Lontano da quel contesto oggi è diventato un'arma letale che anche il suo autore vorrebbe vedere fuori dalla disponibilità della rete.
Internet ci fornisce anche i mezzi per tenere sotto controllo i nostri controllori.
Non è la prima volta che un agente sotto copertura porge ad un potenziale terrorista il coltello
dalla parte del manico ed è probabilmente una pratica in linea con la normativa americana.
Ma nel contesto quanto effetto ha avuto sulla ragazza quell'esca un pò spregiudicata ?
Oggi è giunta notizia della morte di un ragazzo di origini somale che dall'Australia era partito per andare a combattere in Siria ma che si era presumibilmente fermato in Iraq.
L'ultima volta che il padre ha tentato di contattarlo invano telefonicamente ha capito che forse era arrivata la fine anche per lui.
La sua storia aveva fatto scalpore nell'Australia spietata di Abbott perchè da fotomodello a jihadista il passo è sembrato breve.
Internet ha avuto un doppio ruolo nel suo caso.
Radicalizzato dai cattivi maestri della street dawa australiana che fanno uso sapiente della rete, la sua immagine di ragazzo bello e dedito ad una vita frivola poi passato alla religione e alla guerra, è stata usata da Daesh come polo di attrazione per tanti suoi coetanei.

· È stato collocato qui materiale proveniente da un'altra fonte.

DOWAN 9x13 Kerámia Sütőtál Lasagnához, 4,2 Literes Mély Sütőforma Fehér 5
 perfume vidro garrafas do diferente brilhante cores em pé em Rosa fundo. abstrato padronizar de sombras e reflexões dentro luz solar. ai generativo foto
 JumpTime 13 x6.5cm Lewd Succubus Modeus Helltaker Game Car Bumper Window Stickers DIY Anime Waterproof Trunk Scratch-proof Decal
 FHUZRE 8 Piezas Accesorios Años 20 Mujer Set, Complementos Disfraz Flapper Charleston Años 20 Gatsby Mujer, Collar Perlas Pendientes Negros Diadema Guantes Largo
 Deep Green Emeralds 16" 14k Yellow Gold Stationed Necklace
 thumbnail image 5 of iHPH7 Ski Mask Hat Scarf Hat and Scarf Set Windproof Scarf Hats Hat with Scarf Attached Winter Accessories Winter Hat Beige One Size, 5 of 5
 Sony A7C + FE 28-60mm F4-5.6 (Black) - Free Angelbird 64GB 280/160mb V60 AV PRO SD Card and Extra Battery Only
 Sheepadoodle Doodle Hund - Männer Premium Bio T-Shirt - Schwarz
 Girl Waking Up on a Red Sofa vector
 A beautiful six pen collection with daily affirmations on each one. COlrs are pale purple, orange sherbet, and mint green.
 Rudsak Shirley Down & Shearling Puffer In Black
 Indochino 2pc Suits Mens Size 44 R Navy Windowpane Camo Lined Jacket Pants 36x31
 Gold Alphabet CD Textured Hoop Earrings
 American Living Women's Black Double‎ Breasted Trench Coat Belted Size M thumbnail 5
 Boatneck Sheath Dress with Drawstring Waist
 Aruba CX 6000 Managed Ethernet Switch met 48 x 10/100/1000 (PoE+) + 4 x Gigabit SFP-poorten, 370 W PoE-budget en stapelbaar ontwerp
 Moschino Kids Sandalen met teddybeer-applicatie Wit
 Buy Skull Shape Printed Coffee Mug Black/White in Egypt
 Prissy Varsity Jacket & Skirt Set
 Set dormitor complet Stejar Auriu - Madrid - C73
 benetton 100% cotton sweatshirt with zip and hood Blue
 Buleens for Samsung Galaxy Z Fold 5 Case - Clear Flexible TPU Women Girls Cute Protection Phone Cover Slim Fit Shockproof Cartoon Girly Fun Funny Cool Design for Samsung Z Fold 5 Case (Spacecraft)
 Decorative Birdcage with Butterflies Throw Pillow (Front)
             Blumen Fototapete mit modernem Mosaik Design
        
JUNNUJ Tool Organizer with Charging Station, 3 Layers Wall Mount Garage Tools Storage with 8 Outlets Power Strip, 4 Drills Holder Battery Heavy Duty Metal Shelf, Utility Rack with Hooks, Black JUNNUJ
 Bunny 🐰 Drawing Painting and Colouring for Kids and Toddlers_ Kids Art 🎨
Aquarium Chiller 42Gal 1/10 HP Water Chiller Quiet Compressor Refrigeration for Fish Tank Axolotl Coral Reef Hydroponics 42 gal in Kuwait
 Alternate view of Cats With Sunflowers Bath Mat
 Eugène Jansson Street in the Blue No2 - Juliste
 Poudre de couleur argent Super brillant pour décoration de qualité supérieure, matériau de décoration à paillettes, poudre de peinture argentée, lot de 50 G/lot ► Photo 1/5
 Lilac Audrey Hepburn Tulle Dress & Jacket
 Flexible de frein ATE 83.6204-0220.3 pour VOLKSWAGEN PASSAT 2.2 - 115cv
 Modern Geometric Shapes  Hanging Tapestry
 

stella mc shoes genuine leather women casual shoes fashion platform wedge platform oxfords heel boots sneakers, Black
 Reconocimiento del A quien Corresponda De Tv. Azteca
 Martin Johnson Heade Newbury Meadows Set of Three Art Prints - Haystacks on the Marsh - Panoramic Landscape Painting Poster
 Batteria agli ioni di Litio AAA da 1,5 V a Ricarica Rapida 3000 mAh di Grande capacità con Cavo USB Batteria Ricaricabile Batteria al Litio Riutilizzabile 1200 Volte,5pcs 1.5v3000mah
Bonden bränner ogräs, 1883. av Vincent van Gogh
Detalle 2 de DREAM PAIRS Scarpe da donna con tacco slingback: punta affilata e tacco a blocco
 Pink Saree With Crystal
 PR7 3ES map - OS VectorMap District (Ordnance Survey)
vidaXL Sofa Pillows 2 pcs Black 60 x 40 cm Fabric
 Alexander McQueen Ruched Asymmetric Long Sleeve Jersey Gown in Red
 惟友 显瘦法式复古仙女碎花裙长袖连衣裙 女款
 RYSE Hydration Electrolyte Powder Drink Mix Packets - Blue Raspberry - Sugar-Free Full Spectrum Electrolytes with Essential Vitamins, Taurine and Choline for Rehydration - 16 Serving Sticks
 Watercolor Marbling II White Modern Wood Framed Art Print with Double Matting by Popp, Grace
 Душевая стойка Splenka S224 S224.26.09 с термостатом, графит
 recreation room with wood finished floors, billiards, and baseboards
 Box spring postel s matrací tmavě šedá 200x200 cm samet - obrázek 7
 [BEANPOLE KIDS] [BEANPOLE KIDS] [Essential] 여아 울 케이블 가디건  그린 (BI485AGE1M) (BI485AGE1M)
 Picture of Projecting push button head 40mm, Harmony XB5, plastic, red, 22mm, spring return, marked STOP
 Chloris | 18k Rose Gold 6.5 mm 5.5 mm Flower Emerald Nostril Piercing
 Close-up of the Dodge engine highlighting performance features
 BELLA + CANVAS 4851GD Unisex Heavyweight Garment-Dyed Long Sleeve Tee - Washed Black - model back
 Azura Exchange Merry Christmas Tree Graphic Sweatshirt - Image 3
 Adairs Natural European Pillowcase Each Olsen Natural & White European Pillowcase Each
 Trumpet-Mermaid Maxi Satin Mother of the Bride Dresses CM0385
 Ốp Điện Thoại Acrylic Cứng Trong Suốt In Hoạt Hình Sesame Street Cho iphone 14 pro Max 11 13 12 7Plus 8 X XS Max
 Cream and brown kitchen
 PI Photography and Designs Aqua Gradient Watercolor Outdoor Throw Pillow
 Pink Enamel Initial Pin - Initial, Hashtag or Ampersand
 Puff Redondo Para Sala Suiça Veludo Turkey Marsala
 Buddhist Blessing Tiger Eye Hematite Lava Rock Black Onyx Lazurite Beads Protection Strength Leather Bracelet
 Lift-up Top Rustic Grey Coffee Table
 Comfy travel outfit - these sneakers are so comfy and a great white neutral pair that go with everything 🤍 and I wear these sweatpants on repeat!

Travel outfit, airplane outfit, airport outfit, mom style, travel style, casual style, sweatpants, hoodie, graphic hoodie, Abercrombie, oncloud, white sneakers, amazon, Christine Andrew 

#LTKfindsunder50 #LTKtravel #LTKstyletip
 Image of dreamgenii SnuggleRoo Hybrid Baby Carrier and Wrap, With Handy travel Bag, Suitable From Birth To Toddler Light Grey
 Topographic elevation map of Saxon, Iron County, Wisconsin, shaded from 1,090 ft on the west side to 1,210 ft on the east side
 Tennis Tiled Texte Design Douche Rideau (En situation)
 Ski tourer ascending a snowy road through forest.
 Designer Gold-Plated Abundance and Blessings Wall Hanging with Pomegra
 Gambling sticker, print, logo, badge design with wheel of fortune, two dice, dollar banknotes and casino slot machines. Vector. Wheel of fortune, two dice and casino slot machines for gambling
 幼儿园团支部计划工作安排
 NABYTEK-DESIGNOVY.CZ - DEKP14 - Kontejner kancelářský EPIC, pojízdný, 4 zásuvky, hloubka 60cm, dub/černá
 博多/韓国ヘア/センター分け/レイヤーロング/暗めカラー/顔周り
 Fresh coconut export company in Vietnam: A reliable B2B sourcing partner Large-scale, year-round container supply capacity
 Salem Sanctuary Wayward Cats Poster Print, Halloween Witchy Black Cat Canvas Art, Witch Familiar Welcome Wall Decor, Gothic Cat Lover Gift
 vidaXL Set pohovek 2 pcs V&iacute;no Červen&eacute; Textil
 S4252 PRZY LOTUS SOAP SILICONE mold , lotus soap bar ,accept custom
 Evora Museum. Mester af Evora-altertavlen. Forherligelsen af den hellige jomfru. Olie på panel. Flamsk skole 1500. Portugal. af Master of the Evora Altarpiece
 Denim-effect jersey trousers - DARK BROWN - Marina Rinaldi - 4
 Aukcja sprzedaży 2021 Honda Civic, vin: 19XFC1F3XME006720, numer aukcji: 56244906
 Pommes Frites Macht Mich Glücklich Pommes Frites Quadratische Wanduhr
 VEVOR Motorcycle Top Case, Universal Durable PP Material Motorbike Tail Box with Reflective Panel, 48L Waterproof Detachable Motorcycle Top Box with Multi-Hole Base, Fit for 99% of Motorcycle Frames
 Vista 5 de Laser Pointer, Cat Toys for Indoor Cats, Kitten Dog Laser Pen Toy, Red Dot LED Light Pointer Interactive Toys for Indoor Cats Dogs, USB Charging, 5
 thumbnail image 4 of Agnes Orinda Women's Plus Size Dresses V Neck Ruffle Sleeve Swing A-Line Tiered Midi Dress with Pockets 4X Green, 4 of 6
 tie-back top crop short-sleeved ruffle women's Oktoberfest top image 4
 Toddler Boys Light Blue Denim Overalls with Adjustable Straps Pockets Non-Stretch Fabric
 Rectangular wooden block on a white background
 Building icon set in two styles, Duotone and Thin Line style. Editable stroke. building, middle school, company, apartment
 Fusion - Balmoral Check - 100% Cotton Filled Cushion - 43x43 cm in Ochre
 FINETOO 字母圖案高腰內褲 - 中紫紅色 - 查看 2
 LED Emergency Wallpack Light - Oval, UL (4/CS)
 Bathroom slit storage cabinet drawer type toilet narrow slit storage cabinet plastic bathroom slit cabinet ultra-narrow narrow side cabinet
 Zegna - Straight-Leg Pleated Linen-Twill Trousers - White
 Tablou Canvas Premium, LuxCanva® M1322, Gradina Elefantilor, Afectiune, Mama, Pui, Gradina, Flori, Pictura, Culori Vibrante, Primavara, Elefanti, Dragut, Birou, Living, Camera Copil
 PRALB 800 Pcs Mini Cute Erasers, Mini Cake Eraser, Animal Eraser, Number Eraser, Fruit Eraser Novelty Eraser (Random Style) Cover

E' questa la differenza tra il terrorismo vecchio stampo di al Qaeda che si sta comunque adeguando, e quello della new generation di Daesh.
C'è una guerra finta combattuta a colpie di selfie e una anche troppo vera in cui convertiti, seconde generazioni, ragazzi fragili e senza riferimenti, vengono usati come carne da macello per coprire le bugie raccontate dal califfo e dai suoi adepti.
E' questo che i rappresentanti delle istituzioni devono comprendere.
Internet può esaltare o mortificare a seconda delle esigenze.
Ma la sostanza, quello da cui parte tutto, sta nel mondo reale.
E' lì che bisogna intervenire innanzitutto.